Frederic sold Momba station and he returned to Staffordshire in 1881. He travelled back the long way and he visited Hawaii where he again took photographs during a month there.

Bonney recorded some important images through his enthusiasm for photography. Some of his original images have been lost, but his work has been published in two books and they include photographs of the Paakantyi people. Unusually for his time, he wrote the people’s names on the back of his photographs, and these can be cross-referenced to his notebooks. This information can reveal connections to Paakantyi families living today.

Bonney’s Australian photographs are held in the State Library of NSW (Mitchell Library) and the Australian National Library.

A book, People of the Paroo, by Jeannette Hope and Robert Lindsay, has been published, containing all Bonney’s surviving Australian pictures. Some of these have only recently been identified.

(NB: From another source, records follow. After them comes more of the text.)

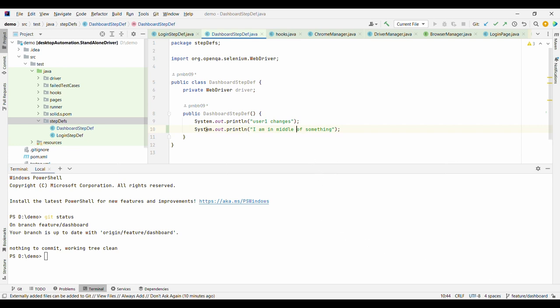One way is to store these changes permanently using git commit. But since this is in the middle of something, we cannot commit it. Why? Because every commit will create one commit entry. So if something is in the middle of progress, we should not commit it because that will create one extra entry in the history. To avoid that, we can use git stash.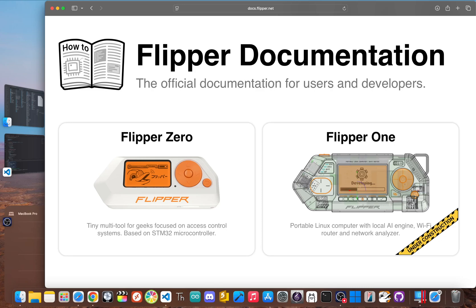Yo, it finally happened. A massive update just surfaced for the Flipper Zero's mysterious big brother, the Flipper One.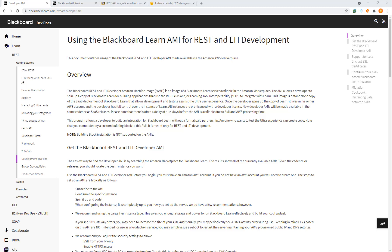Today I want to take a look at Blackboard Learn APIs and how to connect to Blackboard with REST API using PowerShell.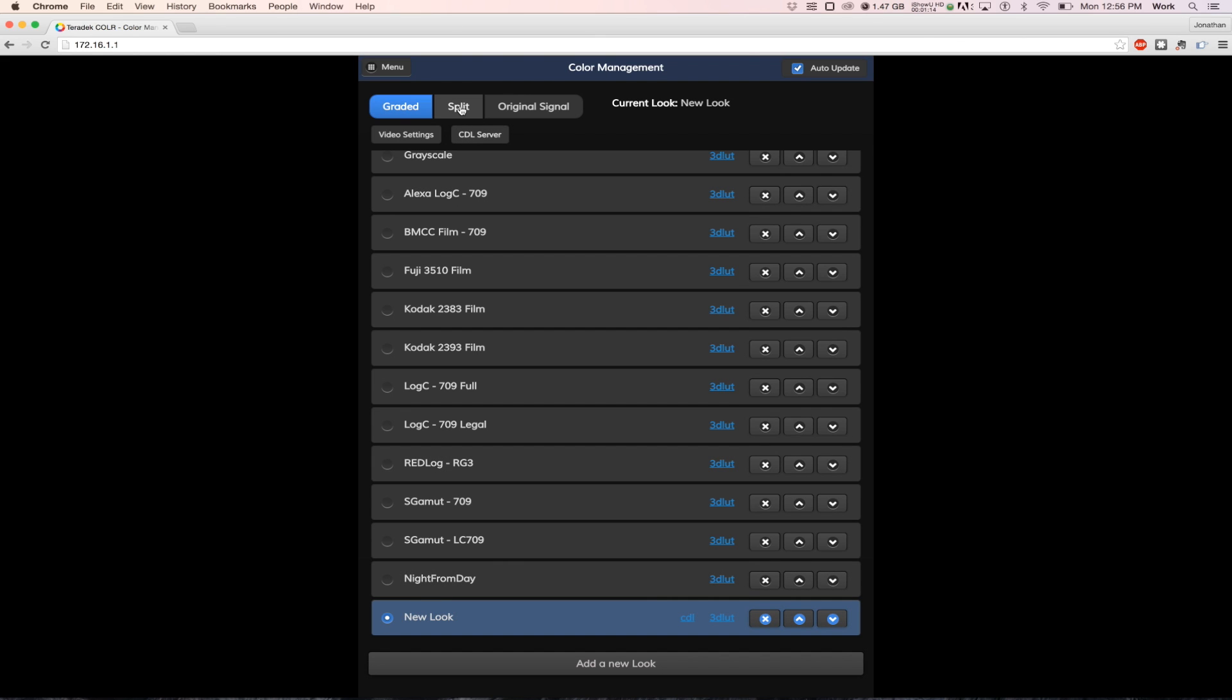You are now ready to use color with POMFERT LiveGrade to color grade live on set.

Keneally’s integration of Bonney’s photography into the story of the young Dickens is authentic and reflects the practice of photography at the time.  The collodion wet plate process (widespread from c.1854 to the mid-1870s) was complex and use in the field required a mobile darkroom.  This is reflected at a point in the story when Frederic is persuaded not to take his ‘camera apparatus’ to a distant cricket match so the party can travel in a ‘light sulky’.  However, the reference to dry plates requires some elaboration.  Experiments with dry plates had been made from the 1850s, but these had been unsuccessful until Richard Maddox developed an effective process in 1871.  Bonney may have heard of the experiments in the late 1860s, but they were not available as an option at the time in which the story is set.  A further complication arises from the dating of the surviving photographs which is usually given as the 1870s, when dry plates may have been available to Bonney.  His insistence that photography is only a science reflects early attitudes to the medium and predates the foundation of the Linked Ring in 1892.